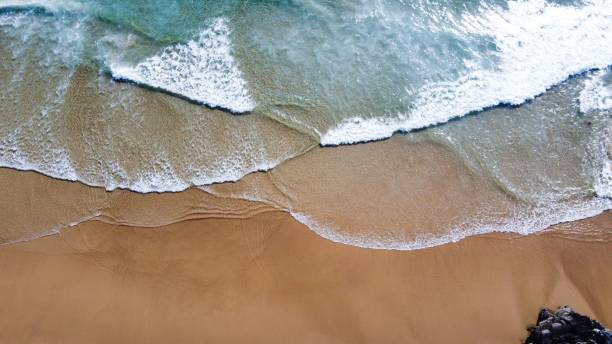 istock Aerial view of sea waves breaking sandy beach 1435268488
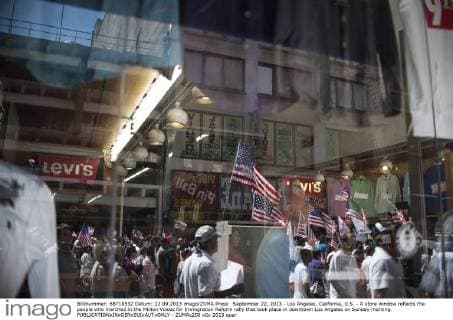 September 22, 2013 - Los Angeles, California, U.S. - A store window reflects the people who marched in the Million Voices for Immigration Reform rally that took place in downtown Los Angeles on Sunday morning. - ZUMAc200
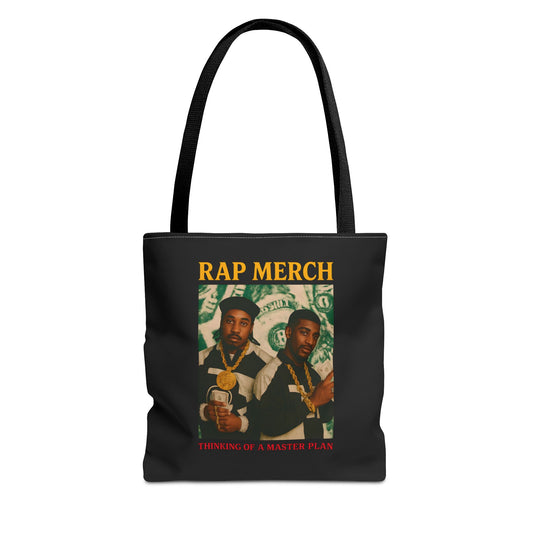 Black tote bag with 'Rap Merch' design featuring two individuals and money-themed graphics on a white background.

...

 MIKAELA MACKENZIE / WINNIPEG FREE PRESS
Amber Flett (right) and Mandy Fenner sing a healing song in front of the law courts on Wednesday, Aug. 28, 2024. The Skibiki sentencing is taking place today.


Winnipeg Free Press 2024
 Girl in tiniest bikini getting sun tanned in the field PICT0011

==

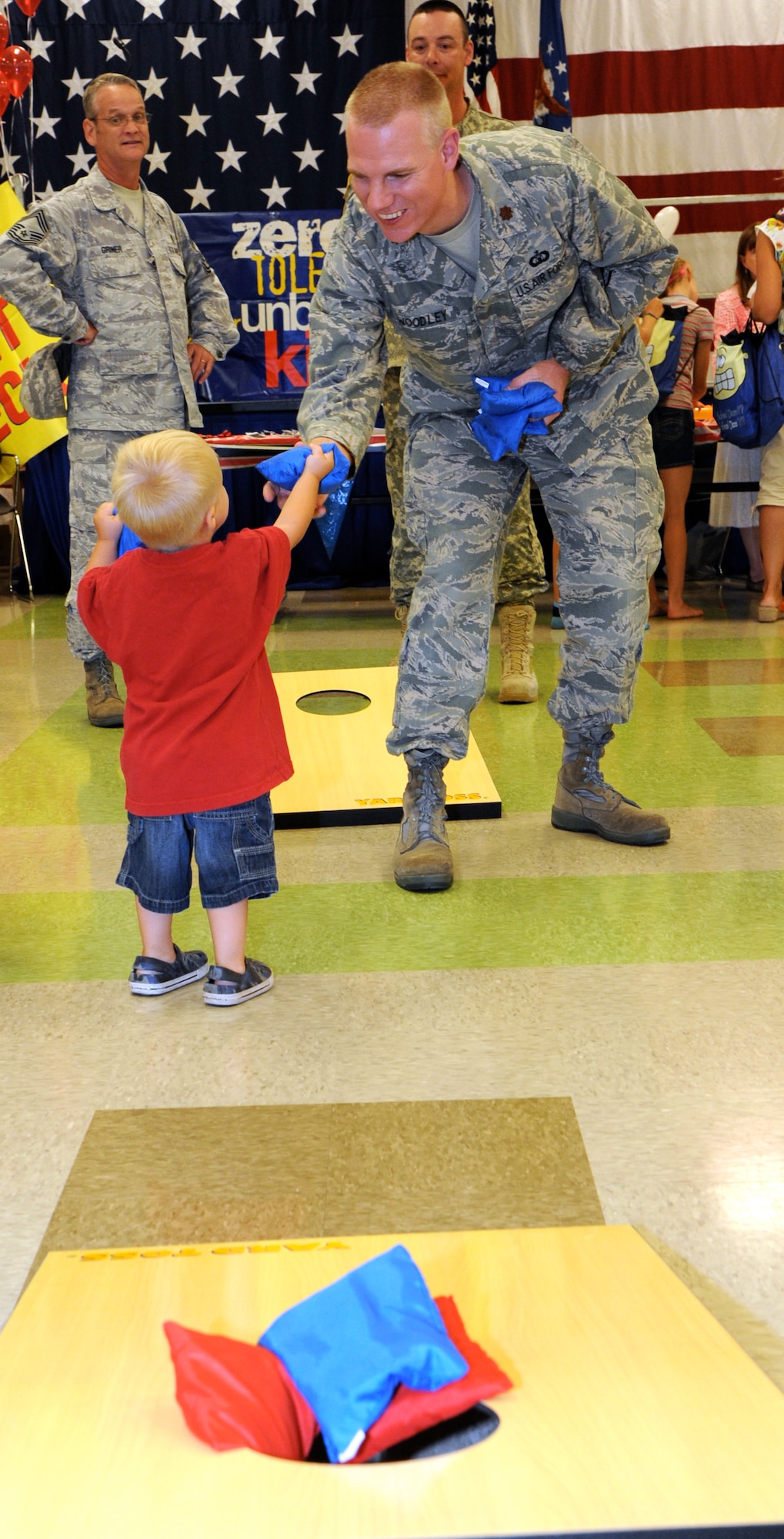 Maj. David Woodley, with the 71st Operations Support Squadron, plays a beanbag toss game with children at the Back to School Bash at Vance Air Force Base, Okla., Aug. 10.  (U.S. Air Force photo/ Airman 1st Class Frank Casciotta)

Work task: Copy out only the lines of the records above from the one with "MIKAELA MACKENZIE / WINNIPEG FREE PRESS" through the one with "Girl in tiniest", exactly as they stand, both included.

Final answer:
 MIKAELA MACKENZIE / WINNIPEG FREE PRESS
Amber Flett (right) and Mandy Fenner sing a healing song in front of the law courts on Wednesday, Aug. 28, 2024. The Skibiki sentencing is taking place today.


Winnipeg Free Press 2024
 Girl in tiniest bikini getting sun tanned in the field PICT0011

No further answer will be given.